Codegolf - Reverse NATO phonetic alphabet
A long time ago, I used to visit Codegolf Stack Exchange regularly, and took part in a few contests. Due to certain reasons, I have decided not to contribute to the Stack Exchange network anymore, but I recently came across a codegolf contest that looked interesting, so I thought I’d post my solution in my blog instead.
The post is linked here, but to summarise, the task is to convert a string spelled out in NATO phonetic alphabet, without any delimiter, back to a string spelled normally, so for example, from “ECHOXRAYALFAMIKEPAPALIMAECHO” to “EXAMPLE”.
I decided to attempt this in the RISC-V ISA, for no particular reason other than that I have been using it at work.

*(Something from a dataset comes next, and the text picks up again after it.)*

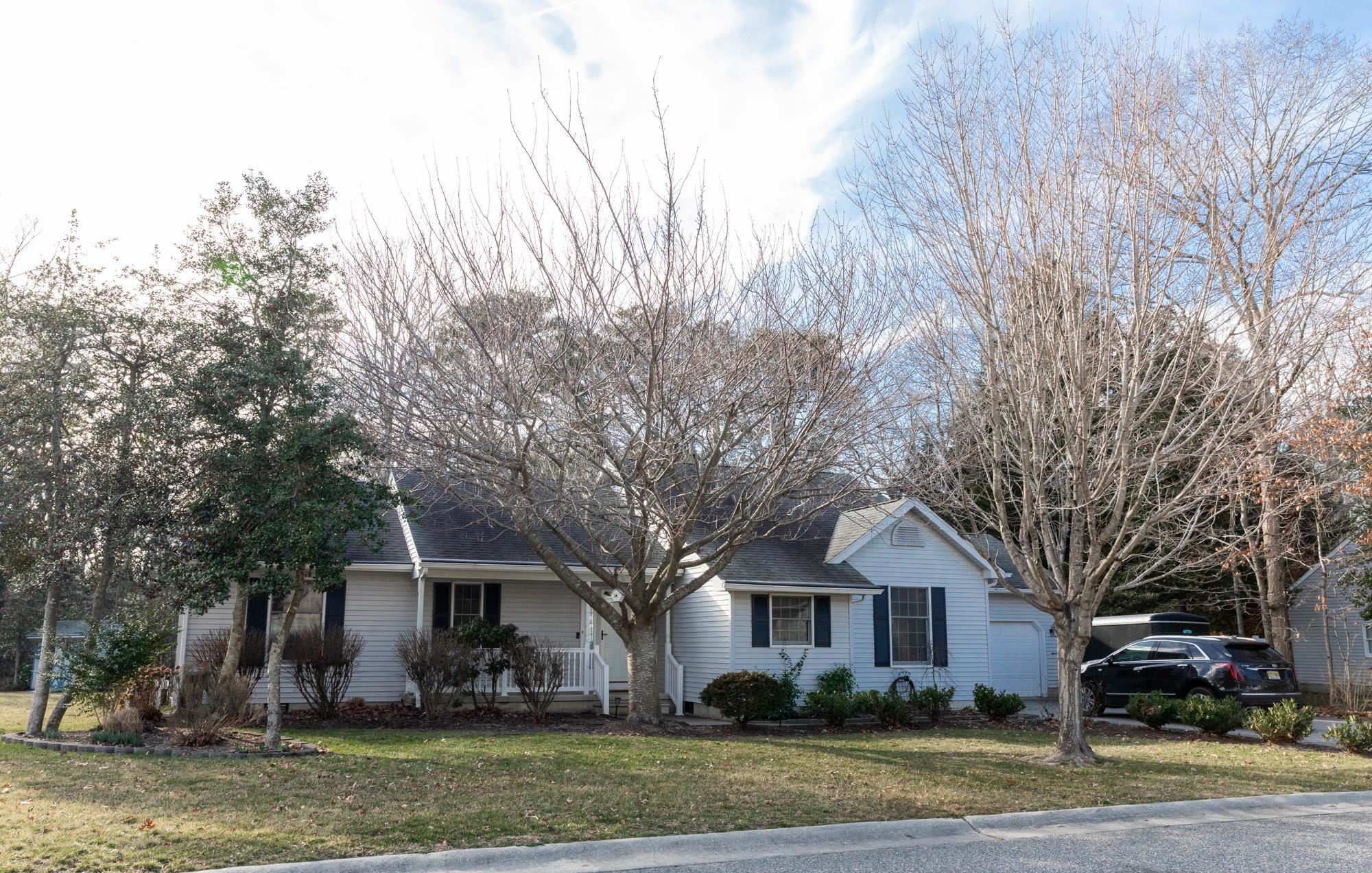 The deSatnick Real Estate Team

My current score is 52 bytes.
A few details before getting to the code:
- Instead of a full program handling I/O, I will only be implementing a function, using the standard RISC-V ABI.
- I am using the 32-bit ISA with the Zca and Zcb extensions.

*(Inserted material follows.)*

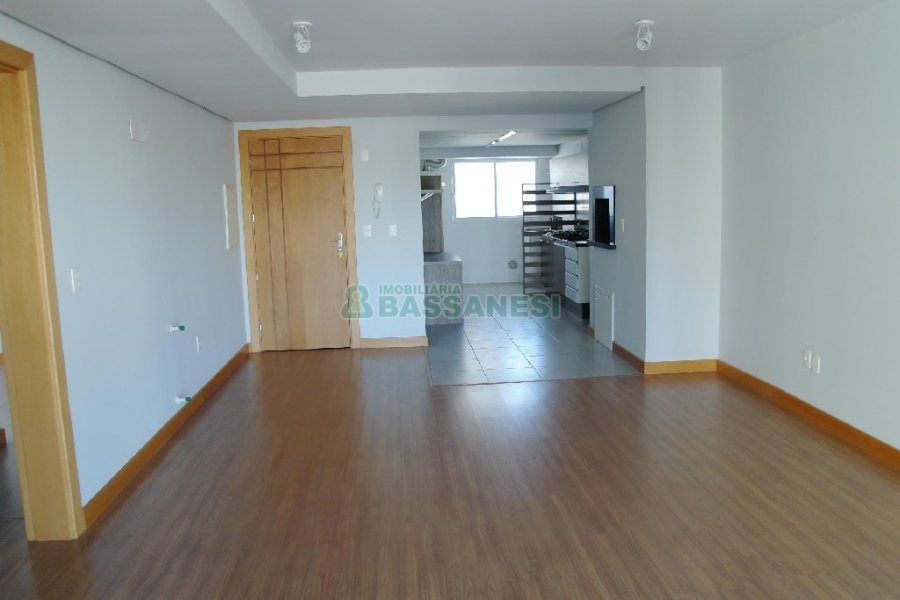 Apartamento com 114m², 3 dormitórios, 2 vagas, no bairro São Pelegrino em Caxias do Sul para Comprar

- I will assume C strings (i.e. NUL-terminated array of chars) in ASCII.
- I will assume the caller has allocated a sufficiently large output buffer.

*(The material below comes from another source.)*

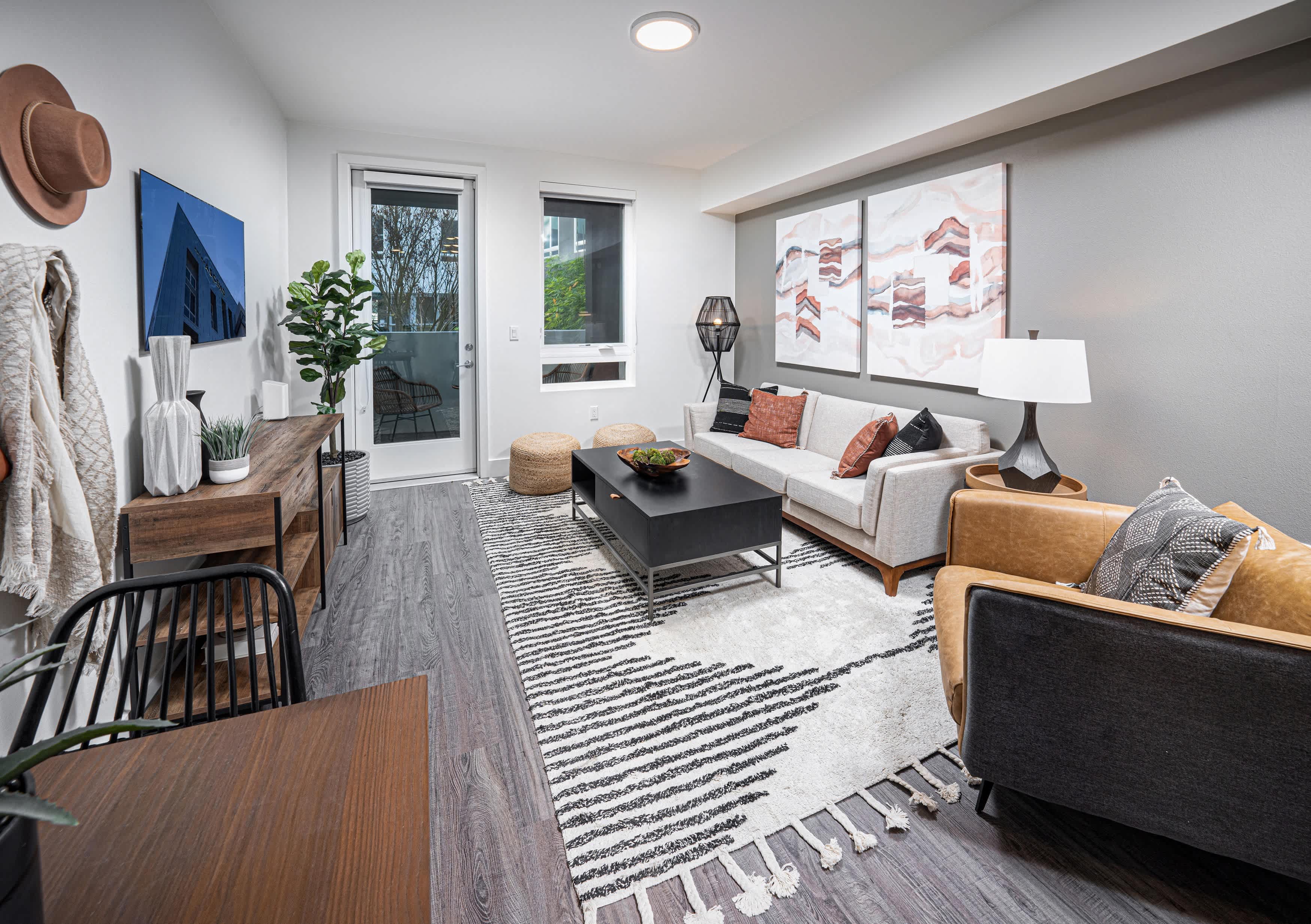 The Harlowe Apartment Homes – photo 4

My solution relies on the fact that all phonetic alphabets start with the letter it represents, for example, ALFA starts with A, BRAVO starts with B. So all it needs to do is know how long each phonetic alphabet is, and just copy the first letter and skip over the rest.
Here’s the assembly:
.globl revnato
revnato:
la a3, revnato_data - 65
revnato_loop:
lbu a2, 0(a0)
sb a2, 0(a1)
beqz a2, revnato_ret
add a2, a2, a3
lbu a2, 0(a2)
add a0, a0, a2
addi a1, a1, 1
j revnato_loop
revnato_ret:
ret
revnato_data:
.byte 4,5,7,5,4,7,4,5,5,7,4,4,4,8,5,4,6,5,6,5,7,6,7,4,6,4
If you’re not familiar with the syntax, all operations are in the form
opcode destination operand
or opcode destination operand1 operand2
.
Here, a0
is expected to contain the input string, and a1
the output buffer.
We first load the address (la
) of a lookup table to a3
. This table is
the string length of each phonetic alphabet. The - 65
will be explained later.
In the loop, we first load one unsigned byte (lbu
) at a0[0]
into a2
, and store that byte (sb
) into a1[0]
, i.e. copy the
first character.
We exit from the loop (and return from the function) if the byte is NUL
(beqz
: branch if equal to zero).
If non-zero, we compute the index for the lookup table.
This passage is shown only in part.